Yu is here. You are here. Grammatically, his presence confuses me. But as a Rangers fan, I have never been more excited for a season. Even going into 2011, I did not really consider the Texas Rangers to be the favorite to return to the World Series. 2010 felt magical-like lightning in a bottle. The story was perfect: from bankrupt to flush with cash, from lacking a true ace to Cliff Lee, etc. Granted, they fell just short to San Francisco, but that almost didn’t matter. More than any other sport (except maybe college football), the series that decides the champion feels like an exhibition; the rules literally change from game to game, based on a home field advantage that is decided in a nonsensical format. In baseball, the league championship is almost enough, and the way the Rangers dominated the Yankees, culminating in the most memorable at bat A-Rod ever had at Rangers Ballpark in Arlington, brought most of us a singular moment that even a World Series championship might not match.

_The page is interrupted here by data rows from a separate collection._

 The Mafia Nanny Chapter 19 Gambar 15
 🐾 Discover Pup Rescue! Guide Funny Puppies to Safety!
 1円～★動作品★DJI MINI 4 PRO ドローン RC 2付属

There were greater forces at work in 2010. Without an ace, the Rangers entered 2011 as playoff hopefuls, but certainly not favorites to return to the World Series. We all watched, wondering if the pitching staff would hold up, wondering if Beltre would be worth the new contract, wondering how Michael Young would respond to his new role after another rocky off season, wondering about the depth of the bullpen, wondering if we really needed Mike Napoli.

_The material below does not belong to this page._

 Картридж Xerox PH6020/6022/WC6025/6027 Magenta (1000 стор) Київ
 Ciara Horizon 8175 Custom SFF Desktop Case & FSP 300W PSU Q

This year looks different. With the addition of Darvish, it is hard to find a serious question mark on this Rangers roster. The infield is young, has incredible range, and remarkable chemistry. The outfield is deep. The starting rotation has enough depth that the phrase “6-man rotation” has been thrown around, and with Ogando likely back in the bullpen taking the ball from the starters, then handing off to Adams who hands off to Nathan, opposing line-ups will have to be more aggressive earlier in the game. The Rangers boast the best pitching coach in baseball, the best motivational manager, the best GM, and still have depth to spare in the farm system. All that adds up to the Texas Rangers entering 2012 as the clear favorite to win the AL for a third straight year.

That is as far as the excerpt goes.